▶ **DATA FOR REVIEW**:
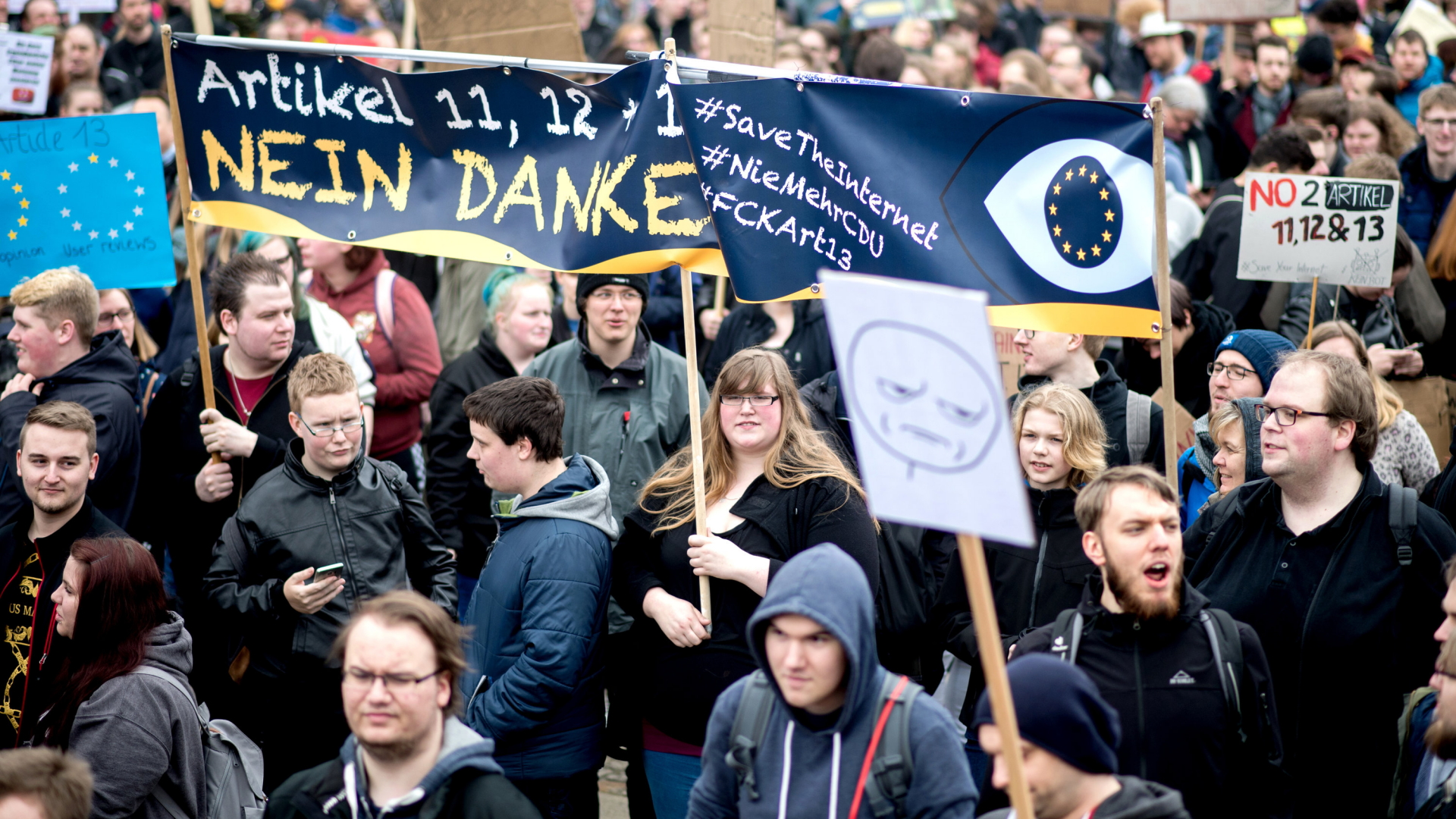 Vor allem junge Menschen beteiligen sich in Hannover an einer Demo gegen die EU-Urheberrechtsreform. | dpa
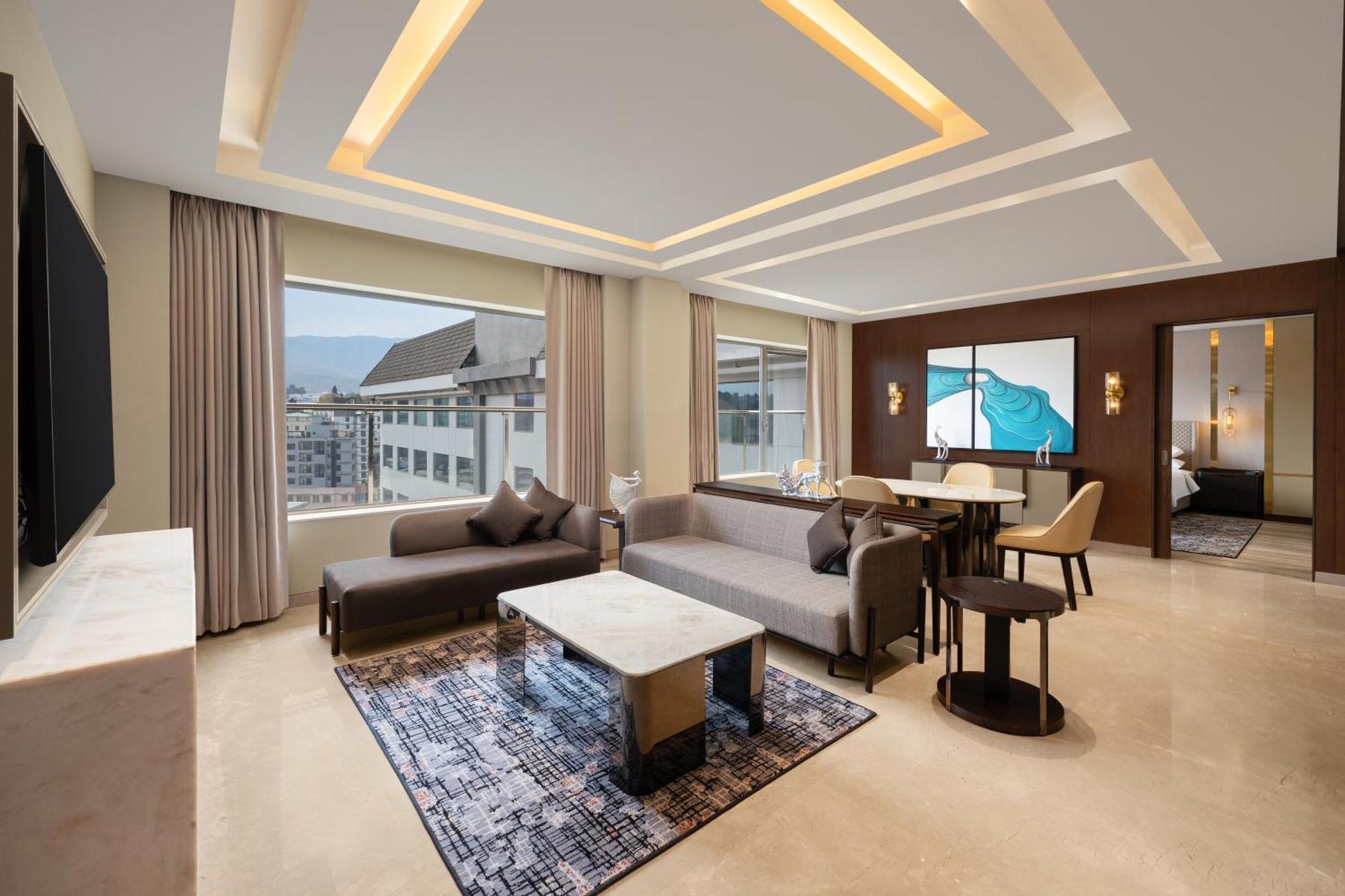 Courtyard By Marriott Shillong Hotel Ngoại thất bức ảnh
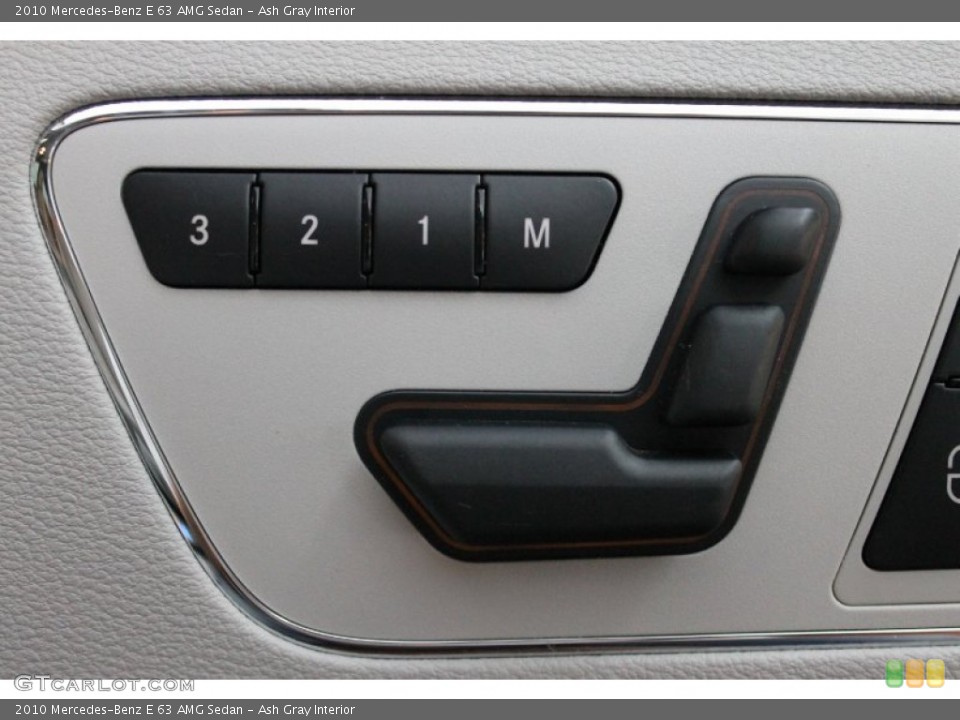 Ash Gray Interior Controls for the 2010 Mercedes-Benz E 63 AMG Sedan #73889486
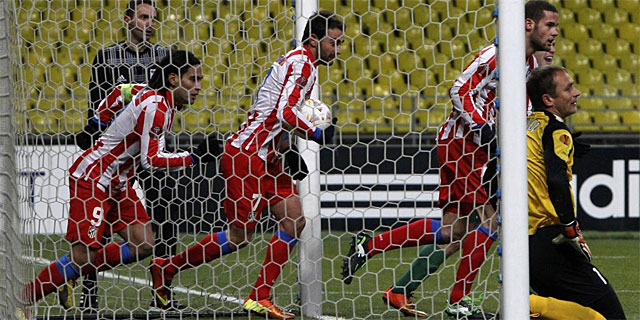 Falcao, Adrin y Mario buscan el centro del campo tras el gol del Atltico. (EFE)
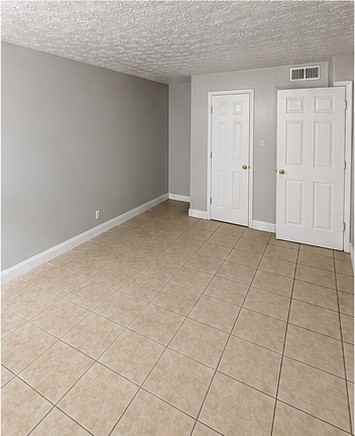 Aria - 1085 Saint Clair St. #3 - Photo 5 of 10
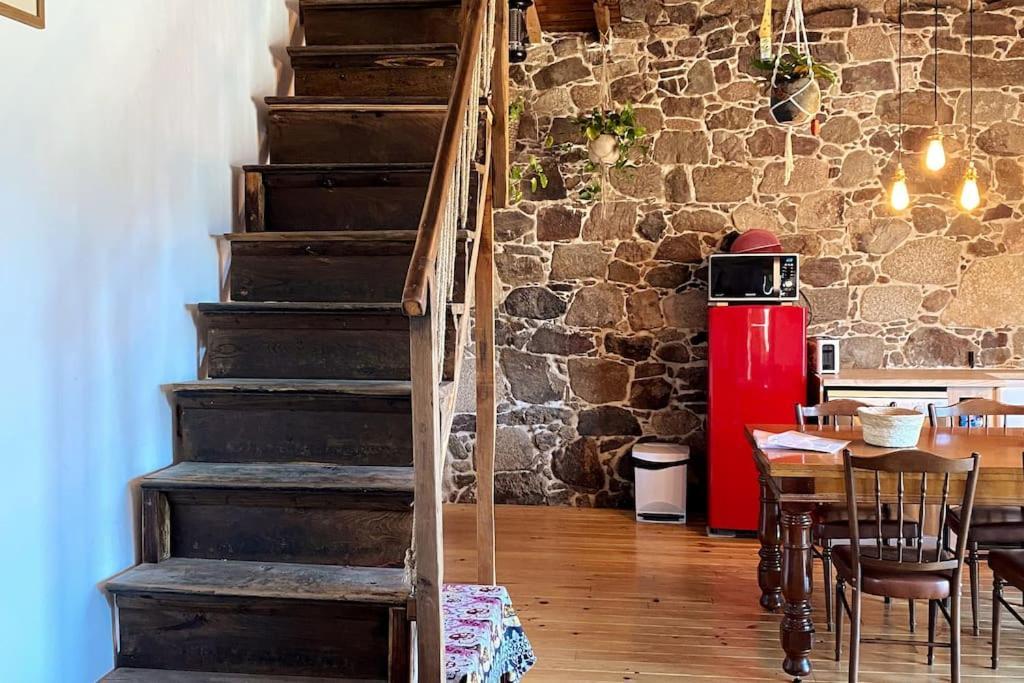 Farm House In Ribeira Sacra O Carballo Exterior photo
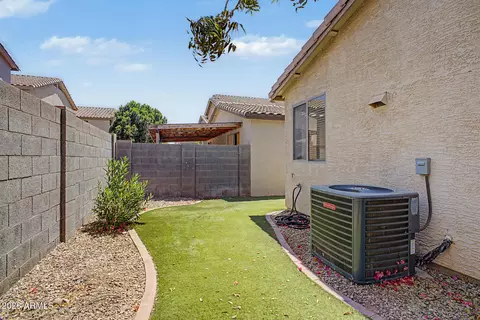 2061 N 29th Pl, Mesa, AZ 85213 photo 34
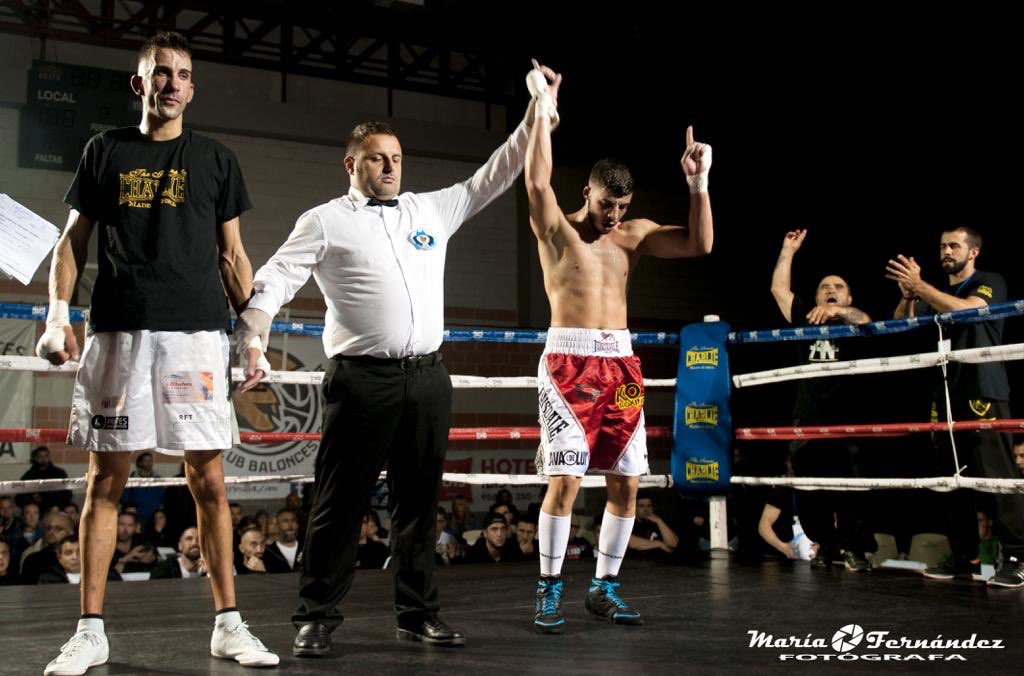 KOBoxing2016's tweet photo. ¡SUMA Y SIGUE! Abdessamad Nechchad vence a los puntos por Decisión Unánime al peligroso y complicado Damian Esquisabel en 6 rds. Gracias a @MGZ_Promotions por contar con nosotros en un evento de este calibre.
Se aproximan grandes...
#Boxeo #KOBoxing #VSBoxing #DonBoxing https://t.co/GbsF0y3ejw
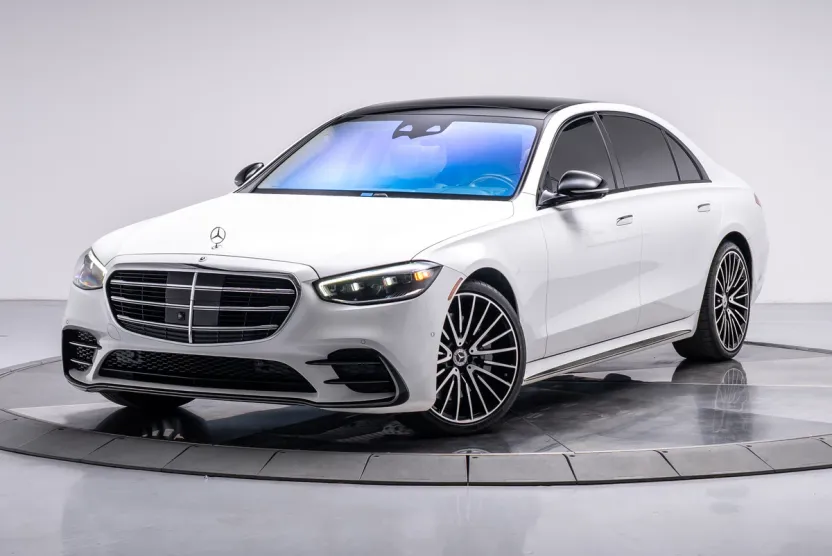 2024 Mercedes Benz S 4MATIC 580 photo 1
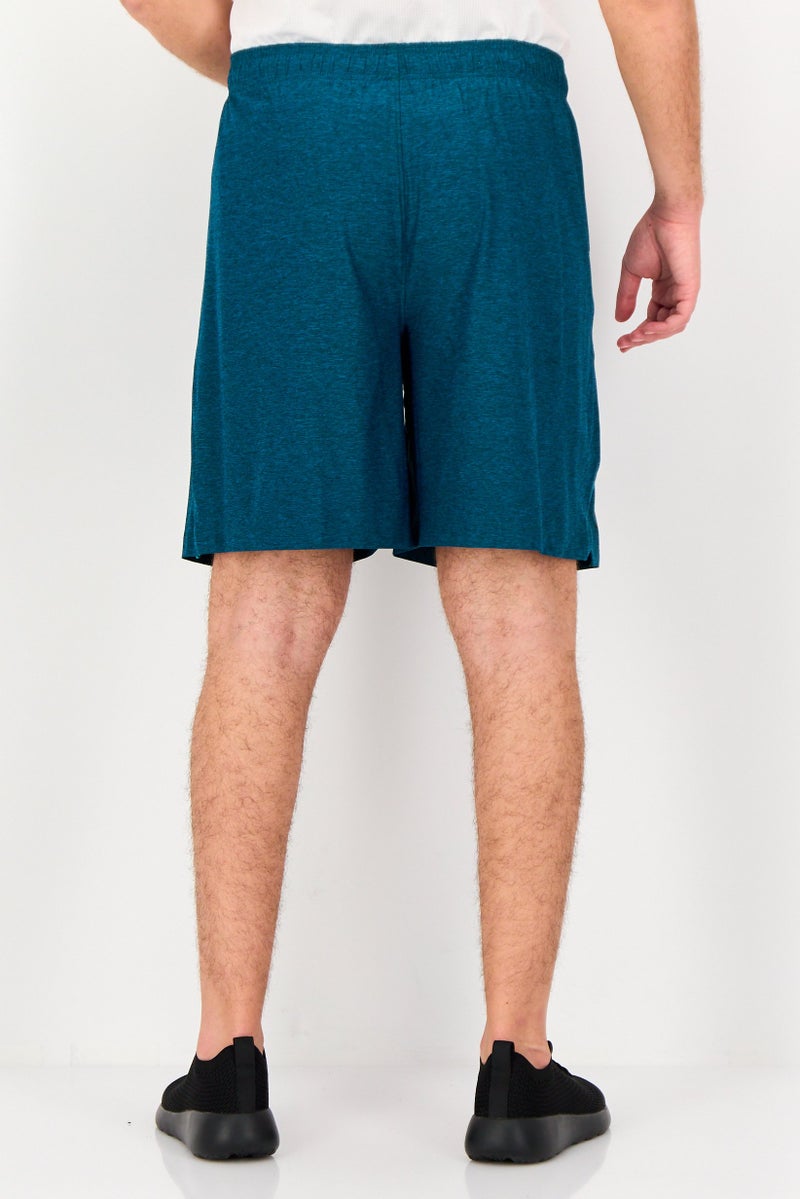 UNDER ARMOUR شورتات تدريب فضفاضة للرجال، متعددة الألوان - Image 3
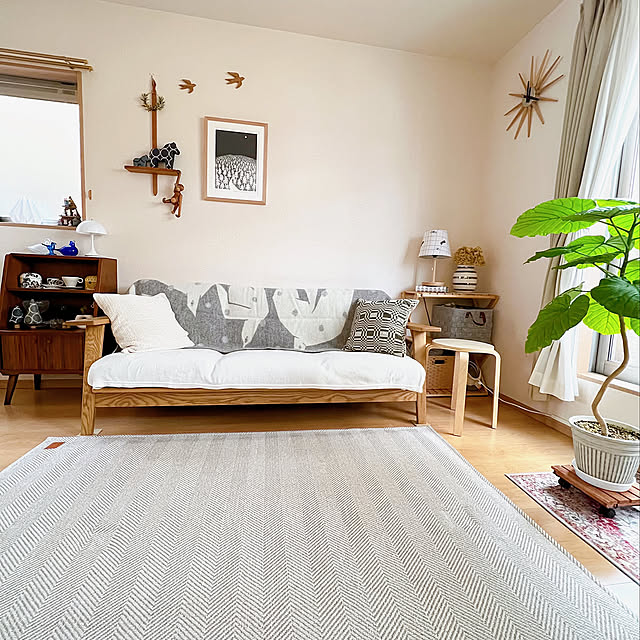 グレーインテリア,クリッパン ブランケット,クリッパン×ミナペルホネン,北欧ナチュラル,ナチュラルインテリア,普通のおうち,買ってよかったもの,小さなお家,北欧インテリア,RoomClipショッピング,狭小3階建,建売住宅,狭小住宅,ヨハンナグリクセン,心地よい暮らし,いいね&フォローありがとうございます☆,くつろぎ空間,ブランケット,すっきり暮らす,北欧雑貨,Overview,ミナペルホネン ポスター,高塚和則 壁掛け棚 masumiの部屋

▶ **TASK DIRECTIONS**: Lines from the one containing "#Boxeo #KOBoxing #VSBoxing" through the end of the listing, both included, are to be restated exactly, and pictures are to be left out.

▶ **TASK RESPONSE**:
#Boxeo #KOBoxing #VSBoxing #DonBoxing https://t.co/GbsF0y3ejw
 2024 Mercedes Benz S 4MATIC 580 photo 1
 UNDER ARMOUR شورتات تدريب فضفاضة للرجال، متعددة الألوان - Image 3
 グレーインテリア,クリッパン ブランケット,クリッパン×ミナペルホネン,北欧ナチュラル,ナチュラルインテリア,普通のおうち,買ってよかったもの,小さなお家,北欧インテリア,RoomClipショッピング,狭小3階建,建売住宅,狭小住宅,ヨハンナグリクセン,心地よい暮らし,いいね&フォローありがとうございます☆,くつろぎ空間,ブランケット,すっきり暮らす,北欧雑貨,Overview,ミナペルホネン ポスター,高塚和則 壁掛け棚 masumiの部屋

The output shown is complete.